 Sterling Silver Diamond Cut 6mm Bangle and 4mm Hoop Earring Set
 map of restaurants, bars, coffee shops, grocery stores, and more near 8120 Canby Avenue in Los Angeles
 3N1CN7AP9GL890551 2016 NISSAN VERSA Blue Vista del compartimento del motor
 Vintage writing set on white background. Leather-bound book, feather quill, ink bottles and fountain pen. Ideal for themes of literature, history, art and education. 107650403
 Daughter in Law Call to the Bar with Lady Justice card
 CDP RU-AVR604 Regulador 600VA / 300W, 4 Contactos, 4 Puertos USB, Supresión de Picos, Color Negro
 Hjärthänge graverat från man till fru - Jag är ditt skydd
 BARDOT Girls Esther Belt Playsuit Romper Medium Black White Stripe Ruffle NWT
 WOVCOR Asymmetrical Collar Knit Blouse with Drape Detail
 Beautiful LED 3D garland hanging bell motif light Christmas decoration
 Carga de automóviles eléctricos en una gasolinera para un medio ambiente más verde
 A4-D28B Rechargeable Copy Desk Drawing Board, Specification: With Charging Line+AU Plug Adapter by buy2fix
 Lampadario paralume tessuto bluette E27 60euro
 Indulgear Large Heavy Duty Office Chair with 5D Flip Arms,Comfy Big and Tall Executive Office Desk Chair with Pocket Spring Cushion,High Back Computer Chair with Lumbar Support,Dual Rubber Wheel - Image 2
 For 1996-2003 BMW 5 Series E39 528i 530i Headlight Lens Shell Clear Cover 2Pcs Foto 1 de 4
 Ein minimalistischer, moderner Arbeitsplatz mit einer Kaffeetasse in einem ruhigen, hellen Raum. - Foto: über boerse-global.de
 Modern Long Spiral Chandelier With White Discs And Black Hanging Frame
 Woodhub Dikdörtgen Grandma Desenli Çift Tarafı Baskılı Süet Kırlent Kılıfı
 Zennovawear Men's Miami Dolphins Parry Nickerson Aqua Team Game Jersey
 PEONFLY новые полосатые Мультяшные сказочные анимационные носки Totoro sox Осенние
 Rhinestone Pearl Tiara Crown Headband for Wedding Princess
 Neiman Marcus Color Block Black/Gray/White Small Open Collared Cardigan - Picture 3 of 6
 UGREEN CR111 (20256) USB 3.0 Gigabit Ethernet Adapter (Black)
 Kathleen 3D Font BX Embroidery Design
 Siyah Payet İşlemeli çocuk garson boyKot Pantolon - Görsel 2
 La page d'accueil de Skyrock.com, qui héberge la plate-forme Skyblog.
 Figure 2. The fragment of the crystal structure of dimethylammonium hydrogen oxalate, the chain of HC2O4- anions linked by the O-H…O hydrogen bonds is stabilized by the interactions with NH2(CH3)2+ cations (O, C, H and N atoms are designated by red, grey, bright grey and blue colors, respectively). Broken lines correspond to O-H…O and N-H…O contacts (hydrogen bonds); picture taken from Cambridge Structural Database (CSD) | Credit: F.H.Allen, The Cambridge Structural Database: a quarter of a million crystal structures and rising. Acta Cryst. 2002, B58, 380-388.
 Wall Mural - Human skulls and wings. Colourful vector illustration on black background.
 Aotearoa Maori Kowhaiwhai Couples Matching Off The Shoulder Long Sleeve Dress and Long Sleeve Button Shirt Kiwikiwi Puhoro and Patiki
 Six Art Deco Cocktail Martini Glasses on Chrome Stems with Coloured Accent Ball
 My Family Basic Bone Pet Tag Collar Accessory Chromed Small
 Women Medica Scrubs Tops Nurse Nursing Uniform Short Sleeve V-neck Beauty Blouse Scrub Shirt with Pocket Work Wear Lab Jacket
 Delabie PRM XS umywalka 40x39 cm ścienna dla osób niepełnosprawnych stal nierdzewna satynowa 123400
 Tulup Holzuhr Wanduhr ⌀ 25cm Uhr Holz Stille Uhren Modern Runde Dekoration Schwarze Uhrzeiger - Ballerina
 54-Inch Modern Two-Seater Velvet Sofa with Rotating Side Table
=====
WHAT TO WORK ON: Everything starting at the line containing "map of restaurants, bars, coffee" and ending at the line containing "Lampadario paralume tessuto" in the records above should be repeated exactly, and only that.

RESPONSE:
 map of restaurants, bars, coffee shops, grocery stores, and more near 8120 Canby Avenue in Los Angeles
 3N1CN7AP9GL890551 2016 NISSAN VERSA Blue Vista del compartimento del motor
 Vintage writing set on white background. Leather-bound book, feather quill, ink bottles and fountain pen. Ideal for themes of literature, history, art and education. 107650403
 Daughter in Law Call to the Bar with Lady Justice card
 CDP RU-AVR604 Regulador 600VA / 300W, 4 Contactos, 4 Puertos USB, Supresión de Picos, Color Negro
 Hjärthänge graverat från man till fru - Jag är ditt skydd
 BARDOT Girls Esther Belt Playsuit Romper Medium Black White Stripe Ruffle NWT
 WOVCOR Asymmetrical Collar Knit Blouse with Drape Detail
 Beautiful LED 3D garland hanging bell motif light Christmas decoration
 Carga de automóviles eléctricos en una gasolinera para un medio ambiente más verde
 A4-D28B Rechargeable Copy Desk Drawing Board, Specification: With Charging Line+AU Plug Adapter by buy2fix
 Lampadario paralume tessuto bluette E27 60euro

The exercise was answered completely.